*TRY IT*: If a line in the material below has the string "piece", copy it out.

# # # # # # #

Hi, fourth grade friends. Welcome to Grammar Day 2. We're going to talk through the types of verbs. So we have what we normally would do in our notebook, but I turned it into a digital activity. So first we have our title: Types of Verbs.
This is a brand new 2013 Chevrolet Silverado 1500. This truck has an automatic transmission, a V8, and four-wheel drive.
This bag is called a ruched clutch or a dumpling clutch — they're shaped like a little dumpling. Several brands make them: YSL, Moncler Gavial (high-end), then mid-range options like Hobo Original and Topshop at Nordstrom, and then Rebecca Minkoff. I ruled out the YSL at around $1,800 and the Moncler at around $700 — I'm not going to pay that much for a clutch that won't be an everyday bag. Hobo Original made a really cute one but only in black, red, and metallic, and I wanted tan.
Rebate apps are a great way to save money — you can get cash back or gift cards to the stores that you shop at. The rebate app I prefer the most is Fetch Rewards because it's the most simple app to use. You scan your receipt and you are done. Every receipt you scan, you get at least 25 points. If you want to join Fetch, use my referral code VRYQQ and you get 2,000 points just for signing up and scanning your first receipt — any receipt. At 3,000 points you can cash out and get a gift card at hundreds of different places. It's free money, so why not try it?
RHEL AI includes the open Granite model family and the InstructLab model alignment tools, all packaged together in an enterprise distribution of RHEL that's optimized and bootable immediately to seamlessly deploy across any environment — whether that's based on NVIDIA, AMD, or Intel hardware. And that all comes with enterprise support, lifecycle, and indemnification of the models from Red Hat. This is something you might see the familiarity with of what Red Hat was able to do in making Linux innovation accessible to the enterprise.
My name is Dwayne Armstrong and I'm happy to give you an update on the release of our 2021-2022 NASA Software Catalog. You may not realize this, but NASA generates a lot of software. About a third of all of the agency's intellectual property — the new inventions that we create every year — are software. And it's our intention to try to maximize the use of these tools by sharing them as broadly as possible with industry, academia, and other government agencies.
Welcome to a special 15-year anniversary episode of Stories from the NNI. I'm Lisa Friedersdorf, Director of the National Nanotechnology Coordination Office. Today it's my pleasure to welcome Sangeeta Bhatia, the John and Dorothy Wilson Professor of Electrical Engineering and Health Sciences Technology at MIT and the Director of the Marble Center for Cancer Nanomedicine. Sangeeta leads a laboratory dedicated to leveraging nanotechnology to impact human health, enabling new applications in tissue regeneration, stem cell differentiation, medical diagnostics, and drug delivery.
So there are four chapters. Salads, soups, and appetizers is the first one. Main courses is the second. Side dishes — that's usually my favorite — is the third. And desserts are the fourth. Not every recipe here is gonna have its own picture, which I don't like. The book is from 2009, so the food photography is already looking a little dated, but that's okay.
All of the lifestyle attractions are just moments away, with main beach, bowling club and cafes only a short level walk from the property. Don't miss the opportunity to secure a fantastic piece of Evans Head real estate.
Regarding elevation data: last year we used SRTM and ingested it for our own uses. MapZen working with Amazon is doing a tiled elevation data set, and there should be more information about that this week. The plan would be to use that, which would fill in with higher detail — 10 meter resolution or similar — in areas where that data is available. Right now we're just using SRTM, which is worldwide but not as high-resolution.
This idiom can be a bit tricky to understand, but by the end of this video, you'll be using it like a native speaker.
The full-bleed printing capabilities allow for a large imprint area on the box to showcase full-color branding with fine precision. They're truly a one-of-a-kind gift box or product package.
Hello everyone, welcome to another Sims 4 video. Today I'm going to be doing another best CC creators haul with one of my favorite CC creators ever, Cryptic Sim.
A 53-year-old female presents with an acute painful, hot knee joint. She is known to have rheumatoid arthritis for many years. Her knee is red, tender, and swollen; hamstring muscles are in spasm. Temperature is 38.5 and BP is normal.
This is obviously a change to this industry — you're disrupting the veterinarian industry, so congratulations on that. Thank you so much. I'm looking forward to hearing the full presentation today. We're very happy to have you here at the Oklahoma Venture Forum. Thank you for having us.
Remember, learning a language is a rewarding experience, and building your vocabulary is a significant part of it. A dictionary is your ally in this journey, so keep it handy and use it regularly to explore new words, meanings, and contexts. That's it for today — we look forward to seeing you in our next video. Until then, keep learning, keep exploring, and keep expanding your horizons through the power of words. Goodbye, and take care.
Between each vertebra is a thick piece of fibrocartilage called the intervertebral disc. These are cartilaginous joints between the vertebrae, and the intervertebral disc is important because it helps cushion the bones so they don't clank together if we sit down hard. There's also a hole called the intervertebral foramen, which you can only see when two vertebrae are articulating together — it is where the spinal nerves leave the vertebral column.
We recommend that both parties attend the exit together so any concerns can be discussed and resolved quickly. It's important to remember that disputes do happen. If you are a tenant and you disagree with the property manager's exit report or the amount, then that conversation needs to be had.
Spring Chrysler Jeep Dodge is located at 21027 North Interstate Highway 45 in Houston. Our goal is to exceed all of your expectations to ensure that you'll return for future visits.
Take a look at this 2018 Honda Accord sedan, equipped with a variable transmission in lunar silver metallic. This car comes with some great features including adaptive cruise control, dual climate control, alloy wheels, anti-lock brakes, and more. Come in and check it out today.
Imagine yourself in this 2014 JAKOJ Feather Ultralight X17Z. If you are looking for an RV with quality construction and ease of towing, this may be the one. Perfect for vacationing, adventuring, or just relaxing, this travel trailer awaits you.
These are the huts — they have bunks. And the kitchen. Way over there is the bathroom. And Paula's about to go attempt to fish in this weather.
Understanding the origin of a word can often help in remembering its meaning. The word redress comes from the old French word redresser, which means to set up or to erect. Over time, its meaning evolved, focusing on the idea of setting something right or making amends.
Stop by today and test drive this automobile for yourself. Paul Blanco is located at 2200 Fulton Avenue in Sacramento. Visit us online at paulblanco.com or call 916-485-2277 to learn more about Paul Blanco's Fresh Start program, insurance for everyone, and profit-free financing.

# # # # # # #

*RESPONSE AREA*:
All of the lifestyle attractions are just moments away, with main beach, bowling club and cafes only a short level walk from the property. Don't miss the opportunity to secure a fantastic piece of Evans Head real estate.
Between each vertebra is a thick piece of fibrocartilage called the intervertebral disc. These are cartilaginous joints between the vertebrae, and the intervertebral disc is important because it helps cushion the bones so they don't clank together if we sit down hard. There's also a hole called the intervertebral foramen, which you can only see when two vertebrae are articulating together — it is where the spinal nerves leave the vertebral column.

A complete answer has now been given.